In tandem with agriculture, there must be a focus on climate change, he said, the impact of which has seen food prices escalate in the SADC region. The African Development Bank provided $549 million in 2016 to support countries in East and Southern Africa affected by droughts, and will invest $1.1 billion this year for the Bank’s Say No to Famine initiative to tackle drought affected African countries. “Africa can no longer suffer in silence,” he said. “I ask that the Heads of State of the SADC region support my call for the Green Climate Fund and the Global Environment Facility to co-pay for disaster risk insurance premiums for all African countries, to the African Risk Capacity facility.”

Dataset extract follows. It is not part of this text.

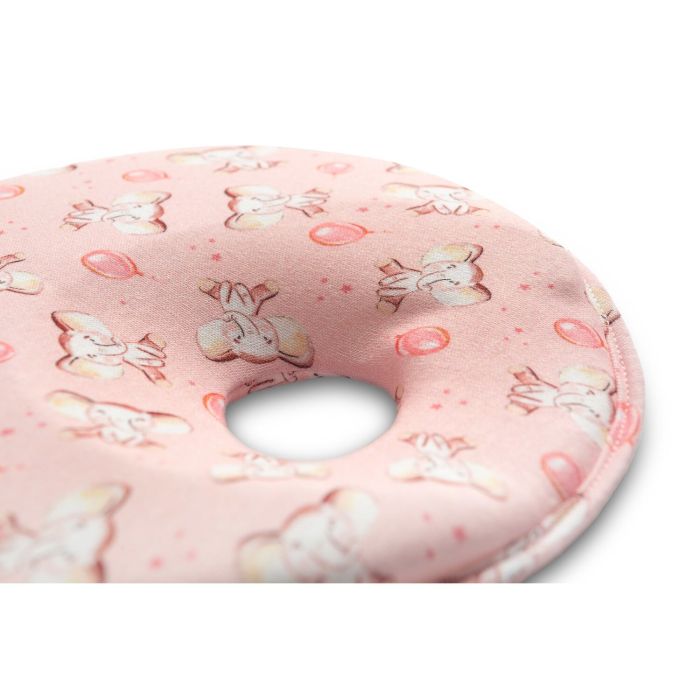 Sensillo pagalvė kūdikiui drambliukai 20452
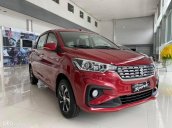 Bán Suzuki Ertiga Sport 2021 All New - Hỗ trợ 50% phí trước bạ, giá tốt nhất miền Bắc, ưu đãi hấp dẫn trong tháng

Adesina also threw his support behind the efforts of SADC leaders to make industrialization a priority: “Developed nations add value to everything that they produce, while poor nations export raw materials. Africa must quit being at the bottom of the global value chains and move to rapidly industrialize, with value addition to everything that it produces. Africa must work for itself, its people, not exporting wealth to others. That is why the African Development Bank strongly applauds and supports the agenda of industrialization of the SADC. The Bank will provide support for the development of special economic zones and industrial parks and equity financing, where appropriate, for major industries.”
The resources required to fast track Africa’s development are immense but Africa must also mobilize domestic resources. Africa has over $334 billion in pension funds, $164 billion in sovereign wealth funds. The size of Africa’s pension funds is estimated to rise to $1 trillion by 2030. What is needed is for Africa to mobilize these institutional investments into much-needed infrastructure. To further attract global pension funds and sovereign wealth funds and other institutional investors to Africa, the African Development Bank has launched the Africa Investment Forum which will take place next year. Adesina concluded his address by urging leaders to continue supporting the AfDB by way of a general capital increase for the Bank, in order for it to fulfill its mandate of enabling Africa’s accelerated growth and development within the next ten years.